And this, children, is why mankind invented bars, taverns and the “all-you-can-eat-buffalo-wings-happy-hour” at the Kit Kat Klub.

If you do decide to follow the great Kahn and myself into battle, the experts advise that “before picking a battle, it is important to be willing to offer a solution or work with others to find one.”

This may sound difficult, but it really is quite easy.

“I know exactly how to fix this problem,” you can say to your opponent in your most cooperative voice. “Management needs to fire stupid idiots like you.”

Other expert advice includes avoiding “some kind of battles, altogether, such as disputes over someone’s personality or style.” I suppose that could be true, but, really, how long can you peacefully coexist with someone who wears Axe or has a Pitbull ringtone. No judge would ever convict you.
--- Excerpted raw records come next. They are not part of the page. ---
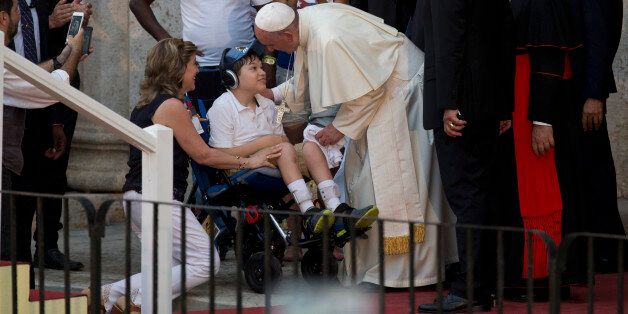 Pope Francis greets a child on a wheelchair during a meeting with a group of Cuban youth in Havana, Cuba, Sunday Sept. 20, 2015. Pope Francis met with Fidel Castro on Sunday before finishing the day with a vespers service in Havana's cathedral, and then meeting with the youths. (AP Photo/Ramon Espinosa)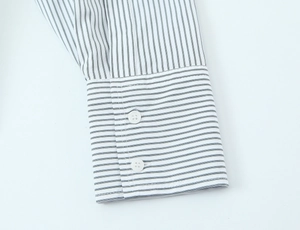 Detailed macro of blue and white striped poplin shirt cuff with dual white resin buttons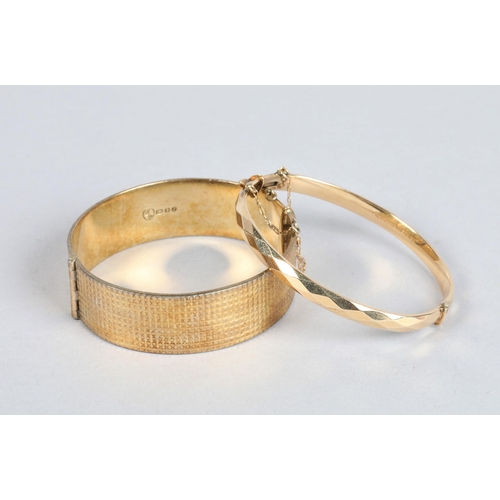 75 - Hallmarked silver hinged bangle; 49.1g gross weight together with one bangle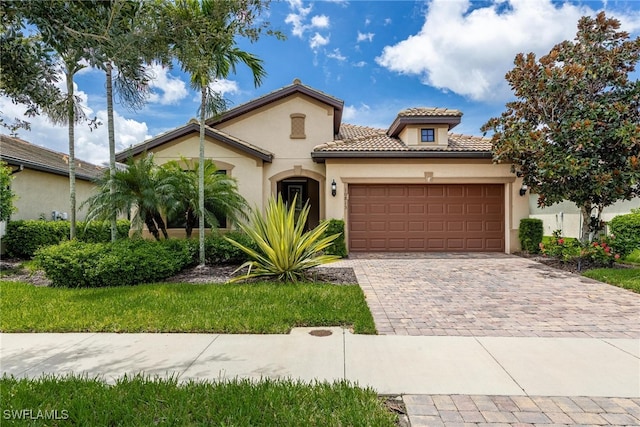 mediterranean / spanish-style home with a garage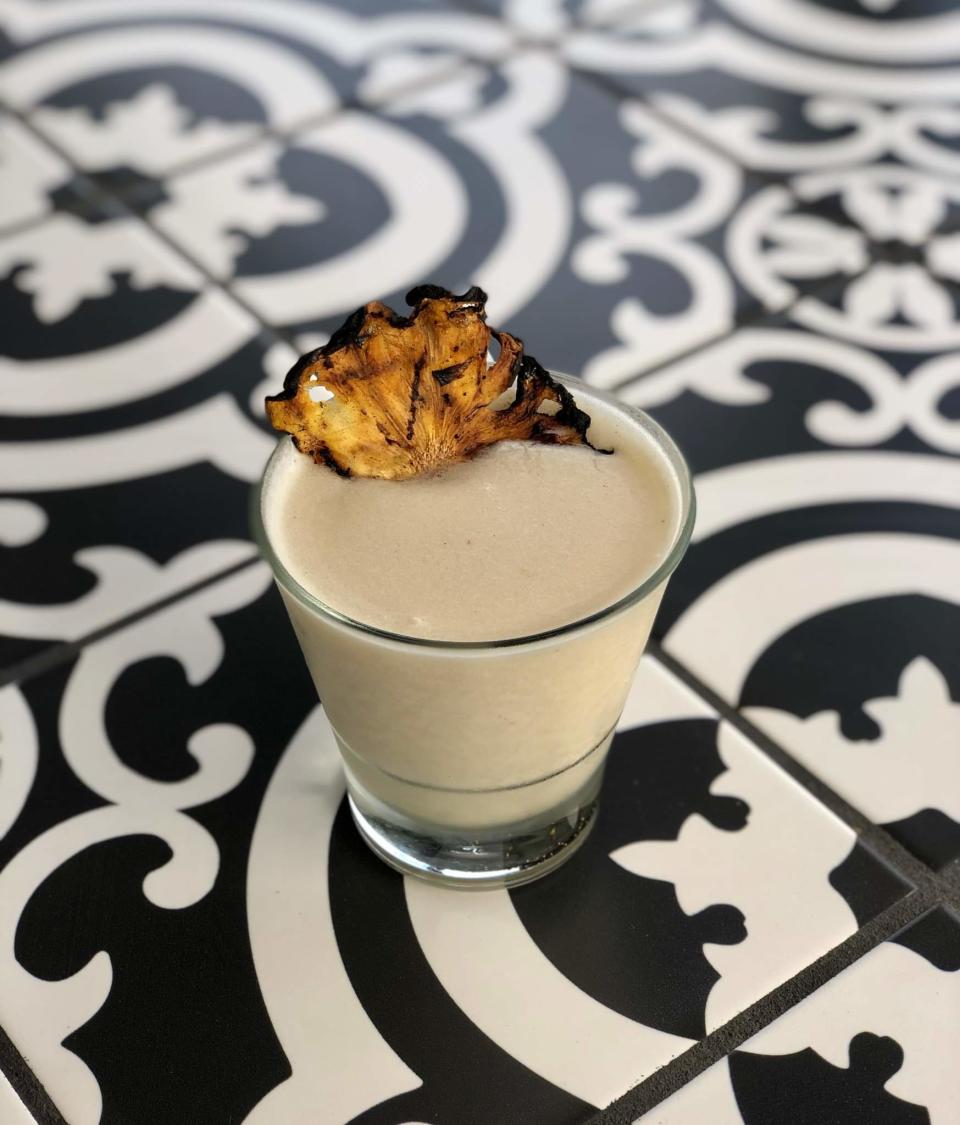 The Grilled Pineapple Pina Colada at Third Culture Kitchen in Titusville features home-grown pineapple and house-made coconut puree.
Finally, the experts think “it isn’t wise to take up conflicts with people who are a lot more powerful than you.” If this is true, it is disappointing. If you can’t fight with anyone at work more powerful than you, you really won’t be able to fight with anyone at all.

Bob Goldman was an advertising executive at a Fortune 500 company, but he finally wised up and opened Bob Goldman Financial Planning in Sausalito, California. He offers a virtual shoulder to cry on at bob@bgplanning.com.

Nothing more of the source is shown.